What strikes me about the French way is not that they have mind-blowing new solutions but that they focus in on one technique that really works. Sleep is one and waiting is another. French babies sleep through the night at about 10 weeks, but all of the parents said they didn’t let their babies cry it out. They start with the belief that even a tiny baby is a rational person who can learn things, and one thing they can learn is how to sleep through the night. It’s a skill parents teach their kids. They do what I call “the pause:” when babies cry at night they don’t immediately rush in and pick them up. They want to see if the baby can connect his two-hour sleep cycles. Or maybe the baby is just a very noisy sleeper. French parents think it’s much better for the whole family, for the baby and for the parents, if the baby sleeps through the night early on.
French parents think they have to teach their kids to delay gratification. French kids don’t snack. One effect of not eating between meals is that when it’s mealtime, they’re actually hungry.
And French mothers more than American mothers prioritize teaching their children how to play by themselves. They think it’s an important life skill to not need to be constantly stimulated. When a friend who is an American mother comes over we never seem to finish a conversation because the kids keep coming over. When a French mom comes over, they take it for granted that we will get to have a conversation and finish our cups of coffee and won’t have to constantly referee.
Do their kids just not bicker?
What other differences did you notice between French and American parents?

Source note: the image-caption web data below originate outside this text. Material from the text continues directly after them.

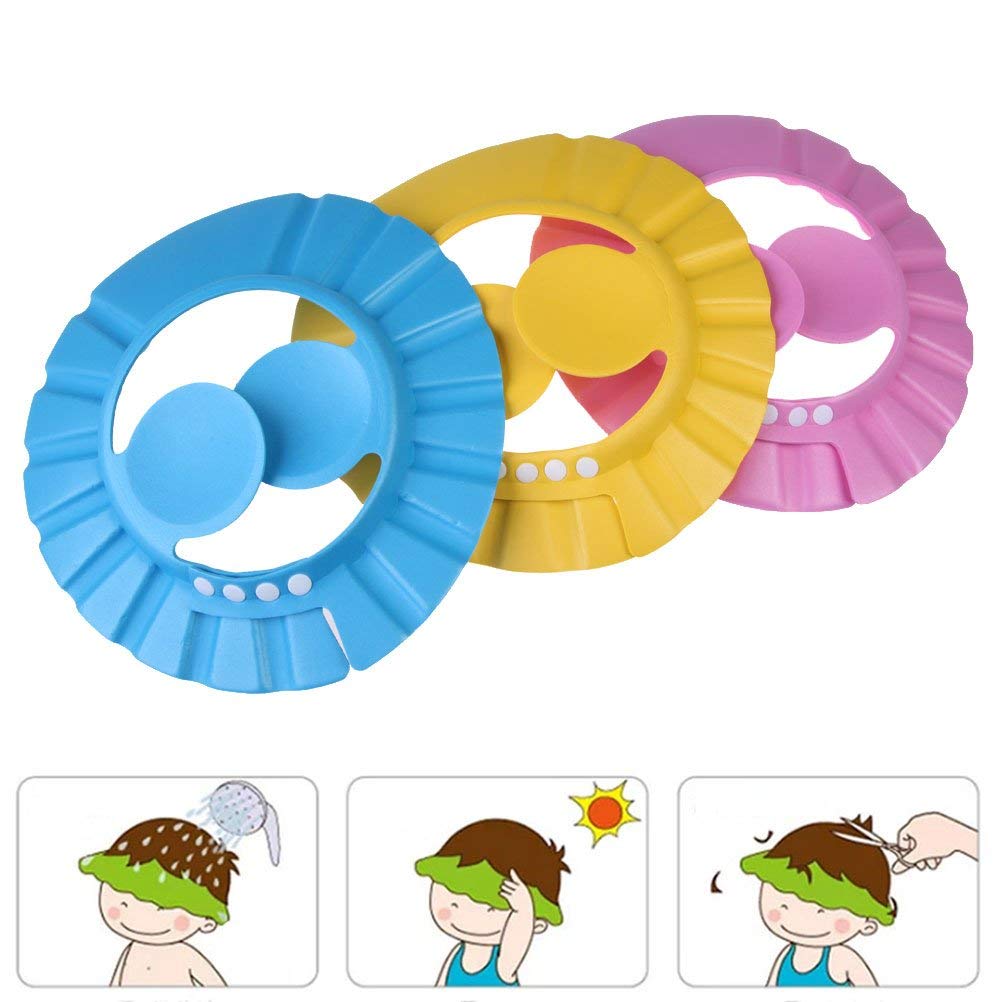 Adjustable Soft Baby Shower Cap for Safe Hair Washing - Waterproof Eye & Ear Protector for Toddlers & Kids - Perfect for Bath Time, Swimming Lessons & Sensitive Skin Care
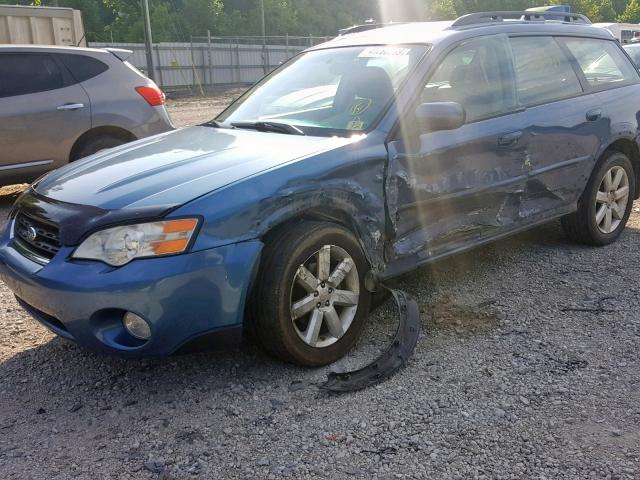 4S4BP62C577325335 - 2007 SUBARU OUTBACK OU BLUE photo 9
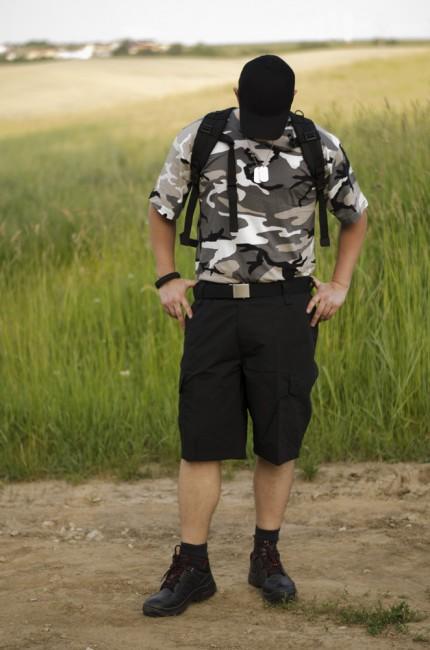 Helikon-Tex CPU pantaloni scurți Rip-Stop, negri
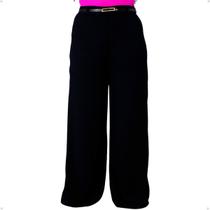 Calça Pantalona Feminina Duna Social Plus Size Wide Leg
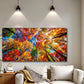 Abstract Autumn Forest Wall Art wall canvas office home room framed 120x60cm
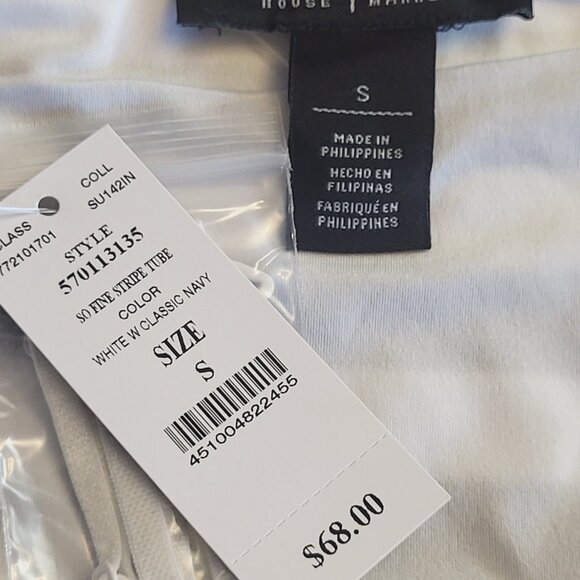 White House Black Market ~ Sz S ~ Chain Lined ~ Tube Top ~ NWT - Picture 8 of 9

There’s a lot more trust in France. In America there are so many competing parenting styles and it can be hard to leave your kids in someone else’s care because of the way someone has chosen to feed their kids or take care of their kids. Parents in America tend to be vigilant about their child’s safety. Their fear of crime is out of proportion to the actual probability of something happening. French parents are less panicked about kids’ safety.

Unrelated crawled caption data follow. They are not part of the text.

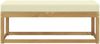 vidaXL Outdoor Hocker Bank Weiß 115 x 43 x 45 cm Massivholz Akazie 901674 Bild 3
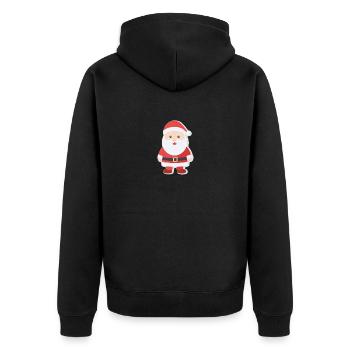 Père Noël - illustration - Veste à capuche bio Premium Unisexe - noir - Dos - Nico (187cm)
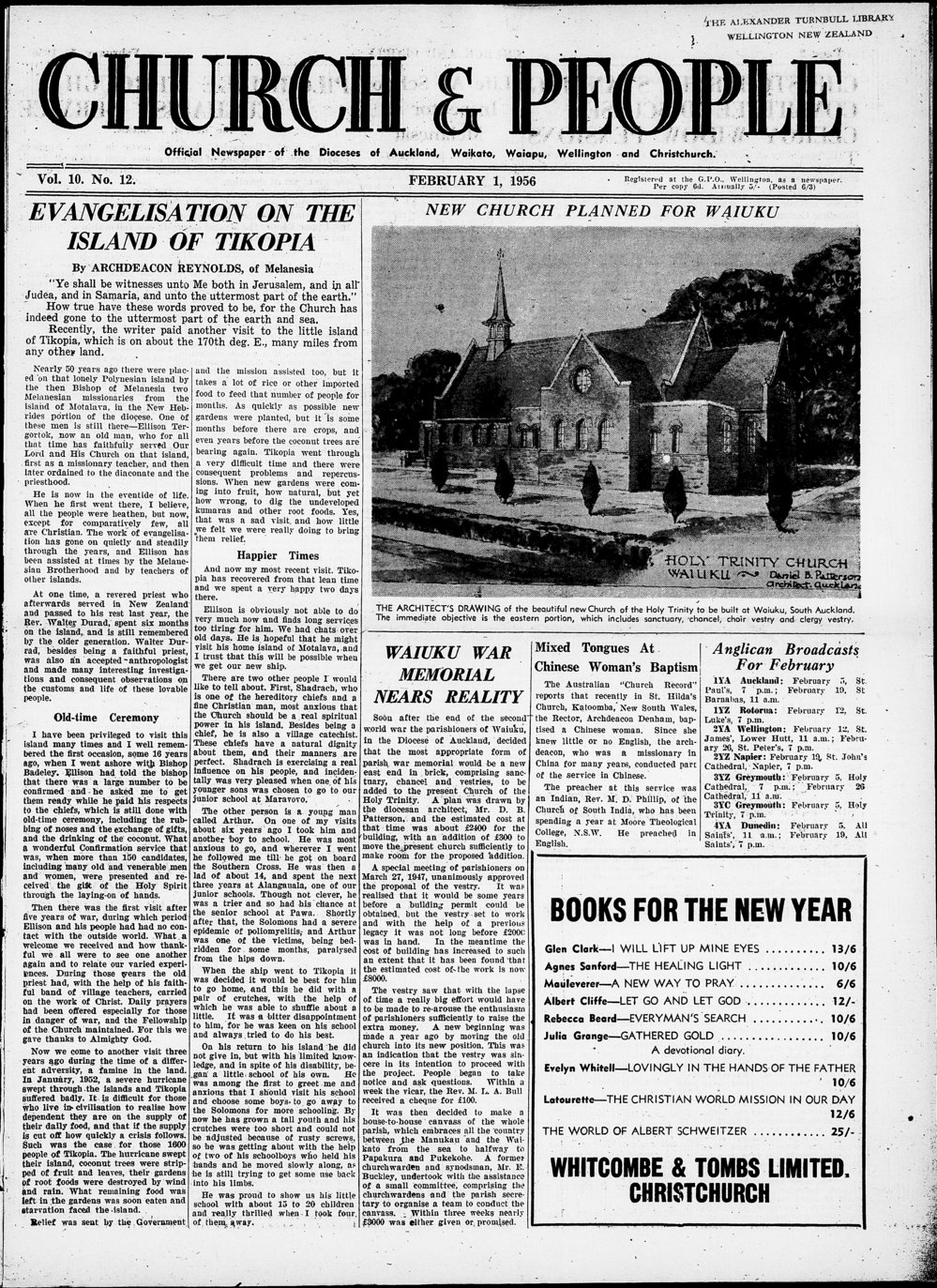 Church &amp; People: February 1956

Are there aspects of French parenting you did not like?
Some parents are too strict. They don’t listen to their kids and they are too authoritarian. I find I’m more affectionate with my kids than French parents are. I think they are more hands off. They don’t feel they have to constantly interact with their kids.

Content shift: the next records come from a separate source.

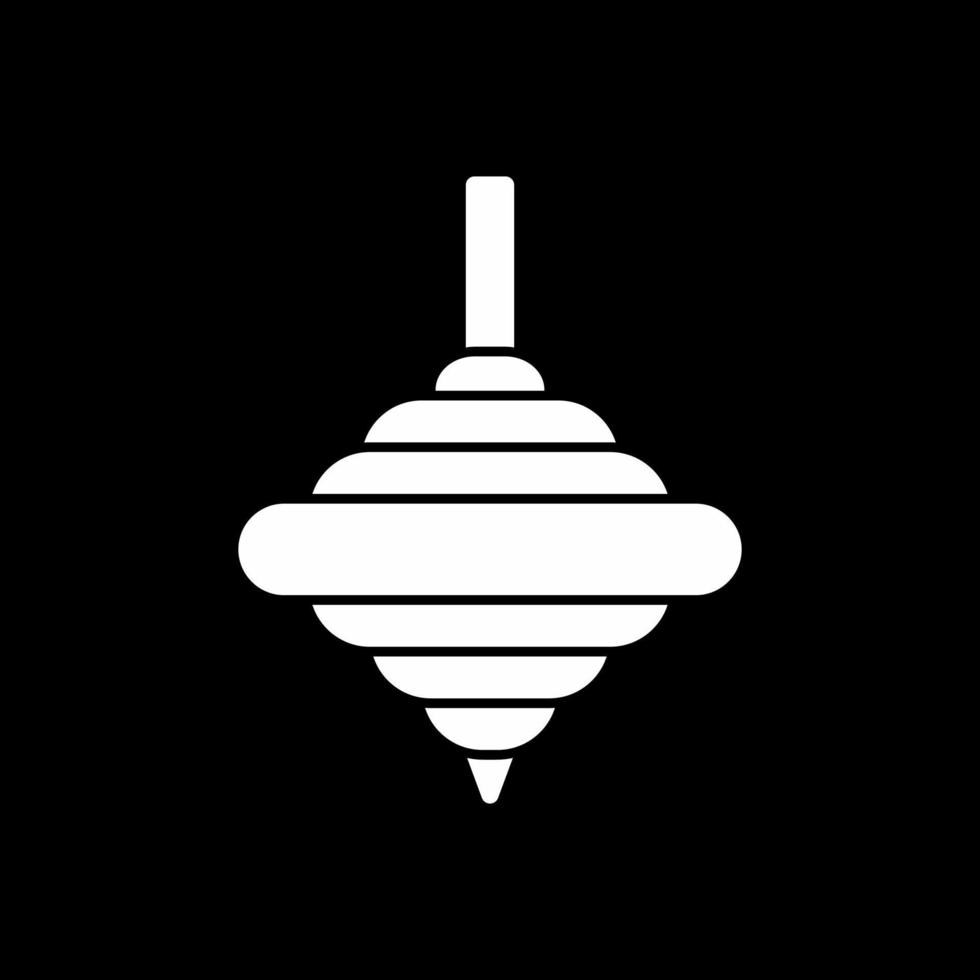 conception d'icône de vecteur de rotation supérieure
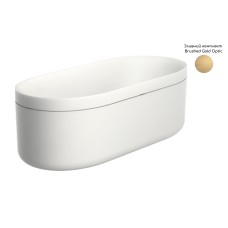 Ванна Axor Suite 1900x850 мм в комплекті із сифоном Brushed Gold Optic 42005250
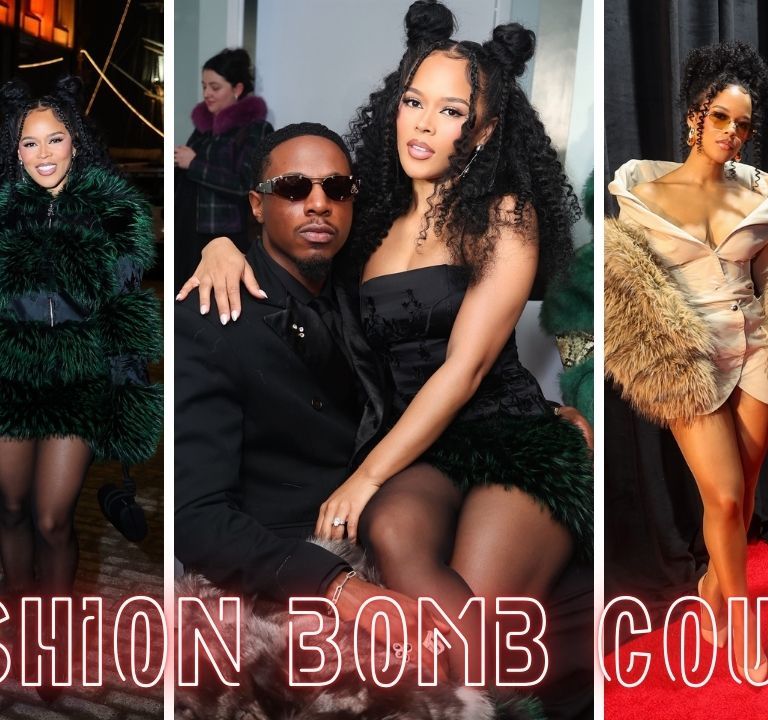 Fashion Bomb Couple: Joey Bada$$ and Serayah Serve Winter Romance at New York Fashion Week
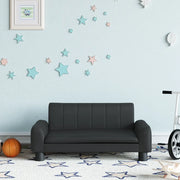 Divano per Bambini-Sofa-Divanetto Nero 70x45x30 cm in Similpelle 154403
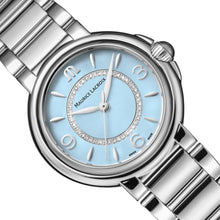 Laden Sie das Bild in den Galerie-Viewer, Maurice Lacroix Fiaba Colours Edition Diamonds FA1104-SS002-E20-1 | Damenuhr Ø 32 mm | Blaues Zifferblatt | 46 Diamanten | Swiss Made | NEU OVP | 2 Jahre Herstellergarantie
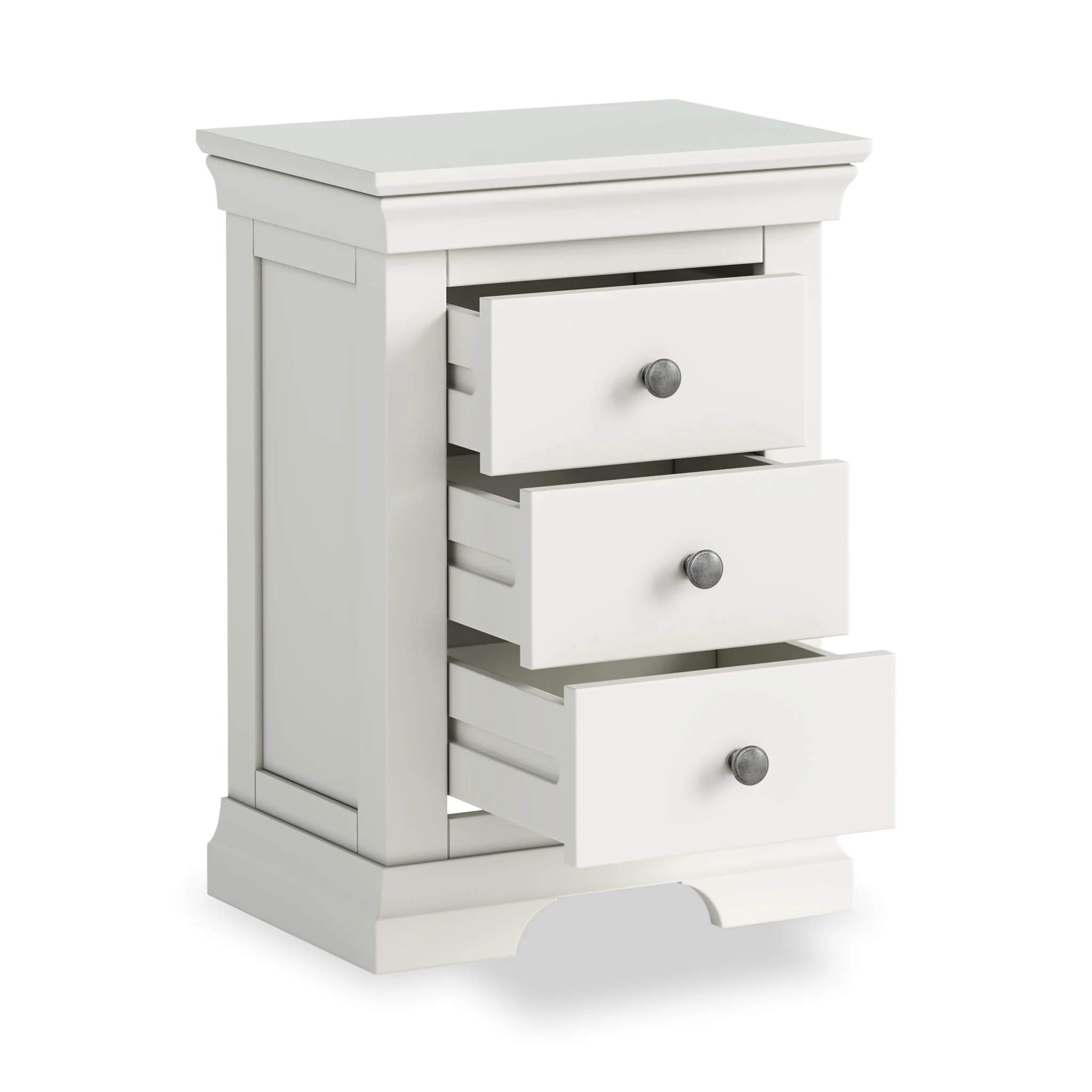 Colette 3 Drawer Bedside Table - Image 7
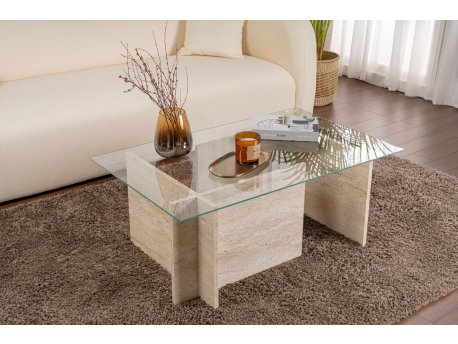 HANAH HOME Sto za dnevnu sobu Vetrino Travertine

They can also take underpraising too far. The French think self-esteem comes from accomplishment, not praise. In school, you’re more likely to get negative feedback or no feedback. The only thing my daughter’s preschool teacher said about her the whole year was that she was calm. I wanted a little more feedback.
Have you been successful at transforming your kids into patient, waiting little beings?
No, not at all. We’ve done really well on food. We do this thing where we don’t snack except at goûter. And we serve the veggie dish first when the kids are hungriest and then move on. … Getting them to wait is a work in progress. What I am doing now is part of a long process of civilizing my kids.